Telle est la moralité de l'État esclave, appliquée dans des circonstances totalement différentes de celles dans lesquelles il est né. Pas étonnant que le résultat ait été désastreux. Prenons une illustration. Supposons qu'à un moment donné, un certain nombre de personnes soient engagées dans la fabrication d'épingles. Ils fabriquent autant d'épingles que le monde en a besoin, travaillant (disons) huit heures par jour. Quelqu'un fait une invention grâce à laquelle le même nombre d'hommes peut fabriquer deux fois plus d'épingles: les épingles sont déjà si bon marché que presque plus ne seront achetées à un prix inférieur. Dans un monde sensé, toutes les personnes concernées par la fabrication d'épingles prendraient quatre heures au lieu de huit, et tout le reste continuerait comme avant. Mais dans le monde réel, cela serait considéré comme démoralisant. Les hommes travaillent encore huit heures, il y a trop d'épingles, certains employeurs font faillite, et la moitié des hommes qui s'occupaient auparavant de fabriquer des épingles sont licenciés. Il y a, en fin de compte, autant de loisirs que sur l'autre plan, mais la moitié des hommes sont totalement inactifs tandis que la moitié est encore surmenée.
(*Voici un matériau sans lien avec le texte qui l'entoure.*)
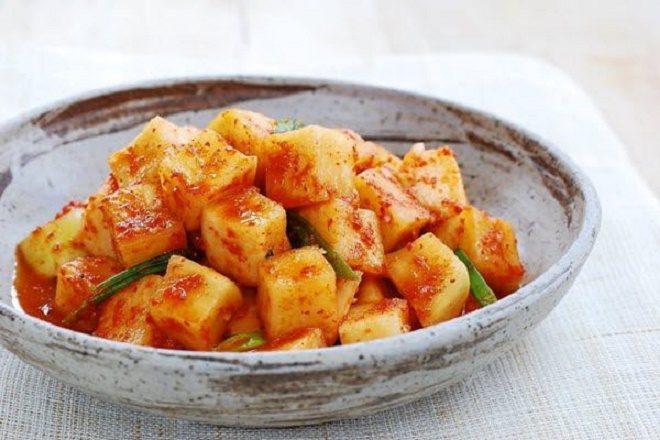 Cách làm kim chi tại nhà từ su hào với cải xoăn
De cette façon, il est assuré que le loisir inévitable causera la misère tout autour au lieu d'être une source universelle de bonheur. Peut-on imaginer quelque chose de plus fou?
(Suite à la page trois)
Suite de la page deux
L'idée que les pauvres devraient avoir des loisirs a toujours choqué les riches. En Angleterre, au début du dix-neuvième siècle, quinze heures étaient le travail ordinaire d'un homme; les enfants en faisaient parfois autant, et très souvent douze heures par jour. Lorsque des corps occupés et indiscrets ont suggéré que ces heures étaient peut-être assez longues, on leur a dit que le travail empêchait les adultes de boire et les enfants de mal. Quand j'étais enfant, peu de temps après que les ouvriers urbains eurent obtenu le vote, certains jours fériés étaient institués par la loi, au grand dam des classes supérieures. Je me souviens avoir entendu une vieille duchesse dire: «Que veulent les pauvres en vacances? Ils devraient travailler. De nos jours, les gens sont moins francs, mais le sentiment persiste et est à l'origine d'une grande partie de notre confusion économique.